Creating the Prompts

Creating prompts for dialogic reading involves going through the book and developing a set of strategies that correspond to specific parts of the book. These prompts are written on sticky notes and attached to the pages in which you plan to use them. The sticky notes serve as reminders to use the prompts you’ve created at various points throughout storybook reading.

You can use CROWD to create the specific prompts. CROWD stands for Completion, Recall, Open-ended, Wh- questions, Distancing—a specific set of prompts used during dialogic reading.  You can use all of the CROWD prompts during storybook reading or select one or two to find out which ones work best for young children. You can also create specific prompts to match the developmental needs of young children. As discussed by Dr. Lonigan in Video 6.4., if you have a group of children who are not able to express themselves well verbally, you can think of the prompts in terms of levels and begin with more basic prompts such as Wh-questions and later move on to more advanced prompts such as open-ended and recall questions or distancing prompts.

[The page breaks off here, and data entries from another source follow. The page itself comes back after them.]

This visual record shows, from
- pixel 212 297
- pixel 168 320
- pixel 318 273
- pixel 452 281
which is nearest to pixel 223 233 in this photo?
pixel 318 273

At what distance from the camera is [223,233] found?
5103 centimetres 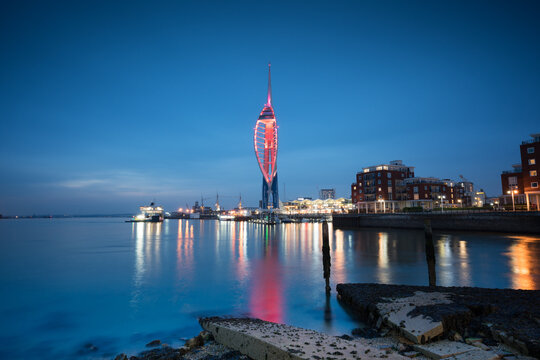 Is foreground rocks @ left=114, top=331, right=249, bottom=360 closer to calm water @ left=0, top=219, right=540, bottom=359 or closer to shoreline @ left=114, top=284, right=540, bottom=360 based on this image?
shoreline @ left=114, top=284, right=540, bottom=360

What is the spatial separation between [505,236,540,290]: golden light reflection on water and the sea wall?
1453 centimetres

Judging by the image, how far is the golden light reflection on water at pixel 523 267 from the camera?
14.3m

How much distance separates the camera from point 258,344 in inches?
256

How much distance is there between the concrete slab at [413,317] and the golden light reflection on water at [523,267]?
25.8 ft

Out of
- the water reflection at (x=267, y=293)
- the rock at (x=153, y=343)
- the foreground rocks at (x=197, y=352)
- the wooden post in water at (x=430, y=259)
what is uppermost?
the wooden post in water at (x=430, y=259)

Following the instructions on Activity 6.5a, first listen to Dr. Christopher Lonigan in Video 6.4, then watch videos 6.5 and 6.6 to learn how to prepare a book with CROWD prompts.  Lastly, use Handout 6.3 to prepare a book for dialogic reading.

Video 6.4: Dr.Christopher Lonigan: Using CROWD prompts

Dr. Christopher Lonigan, a professor of psychology at Florida State University, talks about how you can use the CROWD prompts depending on the developmental needs of the children. (running time: 4 min. 37 sec.)

Video 6.5: Preparing a book for dialogic reading

A teacher shows how to prepare a book for dialogic reading using the CROWD prompts and sticky notes. (running time: 1 min. 48 sec.)

Video 6.6: Demonstration of how to use CROWD prompts

An instructor shows a class how to read a book to a group of children using the CROWD prompts and dialogic reading practices. (running time 3 min. 6 sec.)